— EXERCISE DETAILS —
Write the entries out again exactly; any picture among them gets left out.

— MATERIAL PROVIDED —
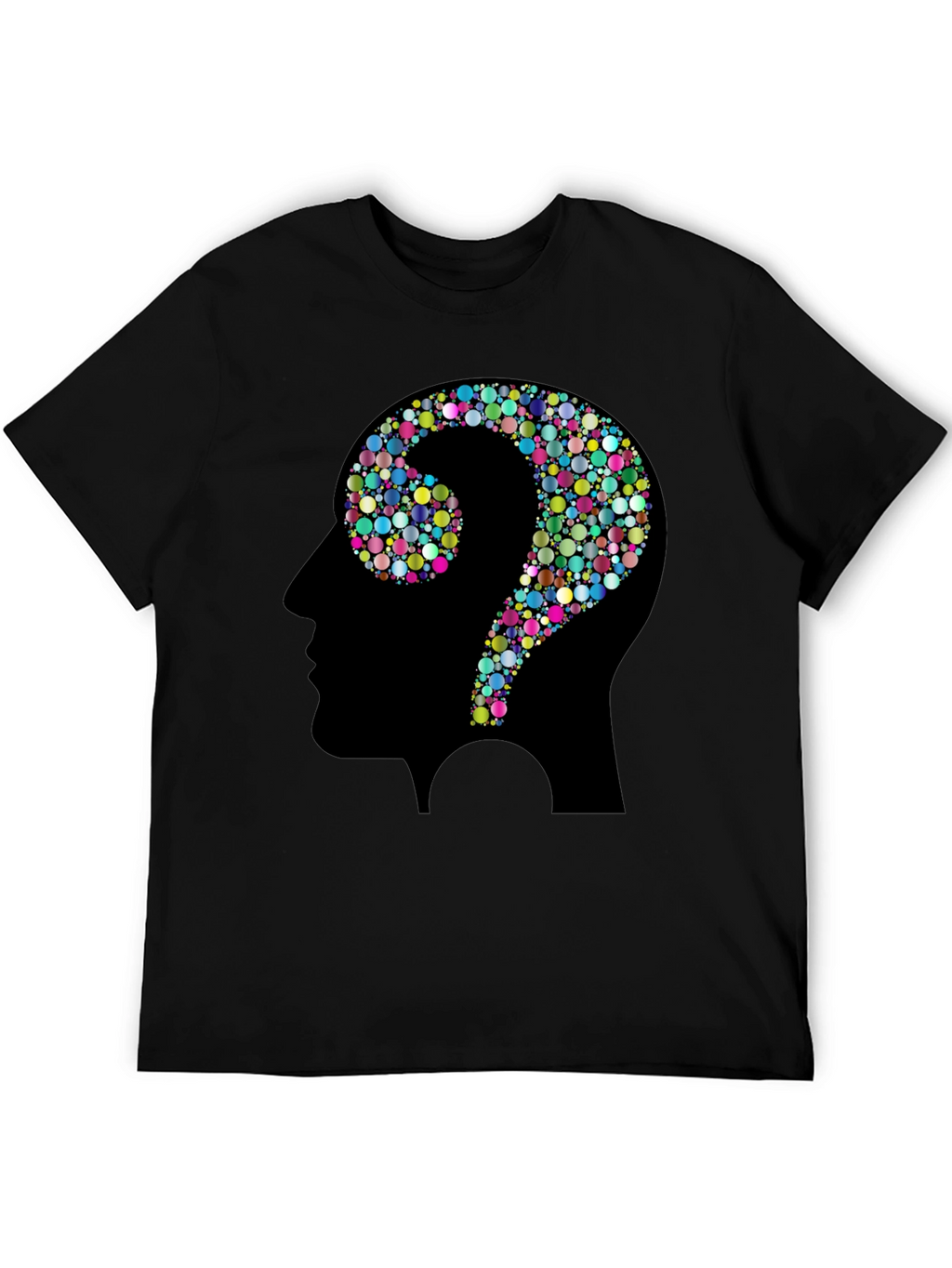 Colorful Mind T-Shirt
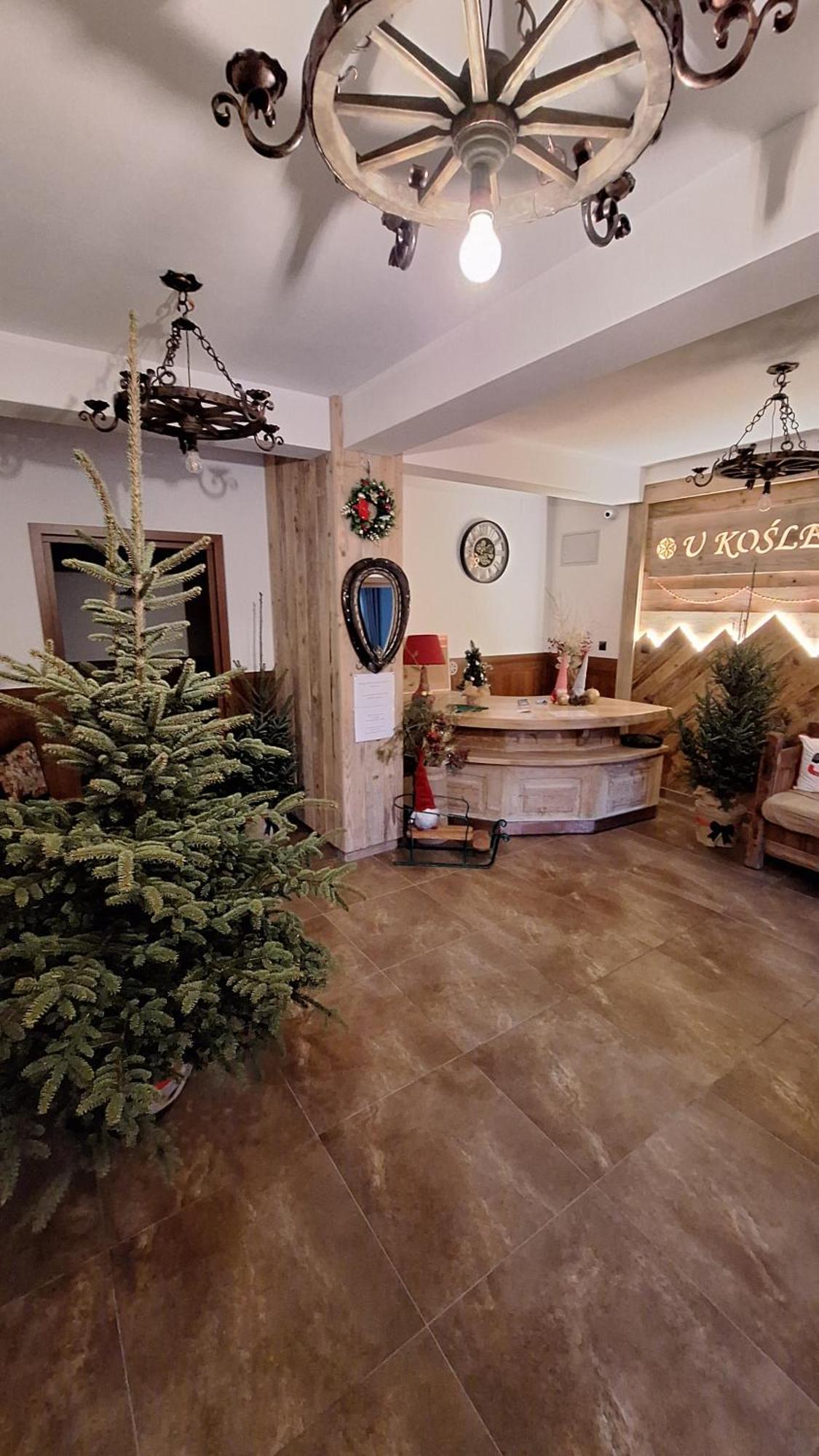 Willa U Kosle 2 Zakopane Ngoại thất bức ảnh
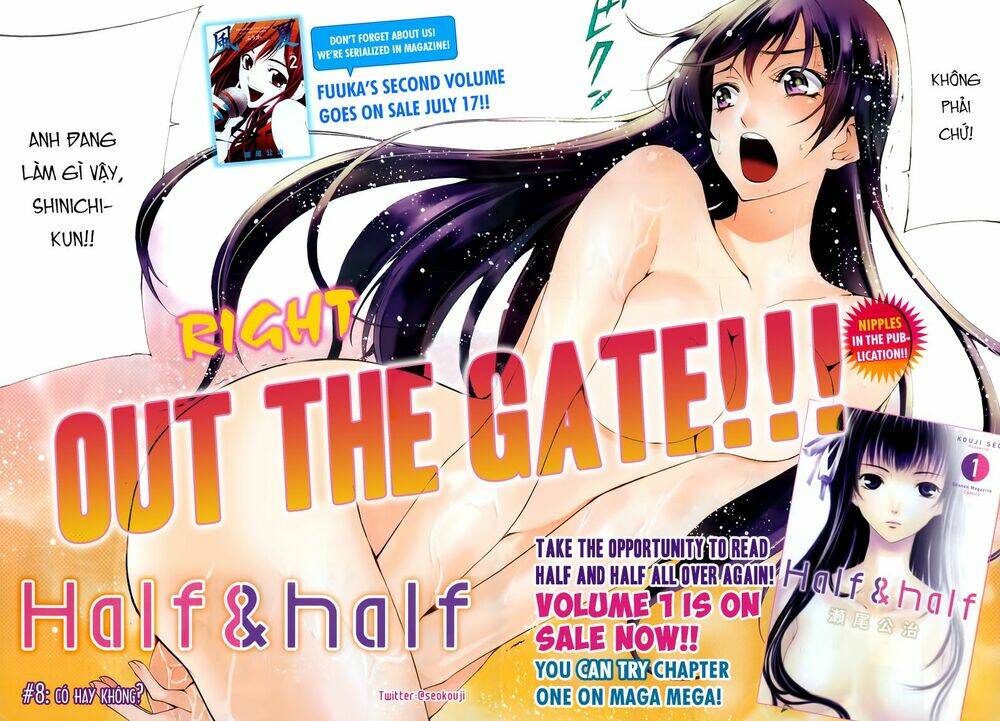 half and half chapter 8 5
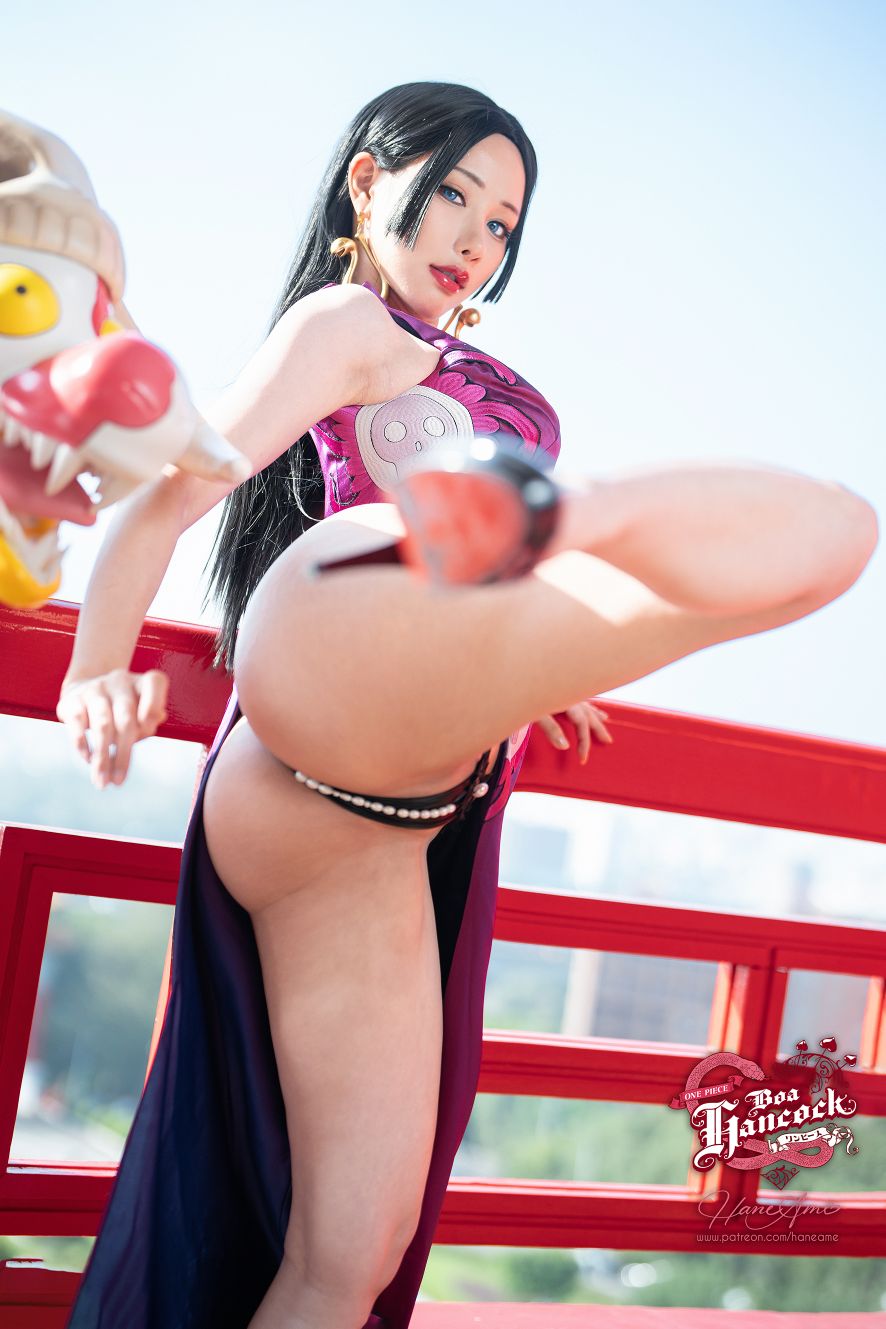 HaneAme雨波---Boa-Hancock-90P-333MB-04-09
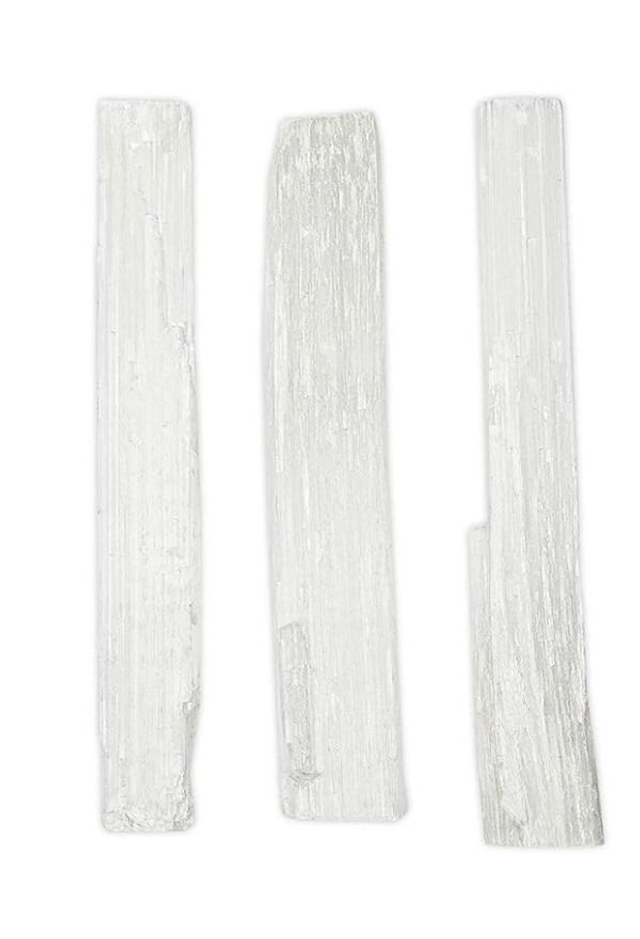 Selenit Stäbe Calcite 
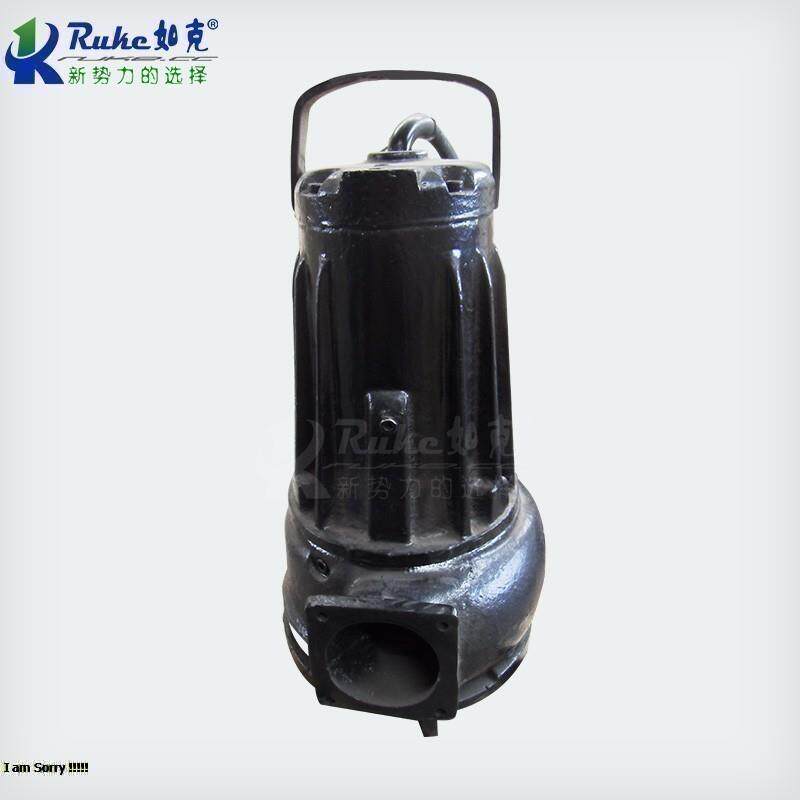 ASAV潜污泵抗堵塞潜水式排污泵撕裂切割式潜水排污泵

— ANSWER SPACE —
 Colorful Mind T-Shirt
 Willa U Kosle 2 Zakopane Ngoại thất bức ảnh
 half and half chapter 8 5
 HaneAme雨波---Boa-Hancock-90P-333MB-04-09
 Selenit Stäbe Calcite 
 ASAV潜污泵抗堵塞潜水式排污泵撕裂切割式潜水排污泵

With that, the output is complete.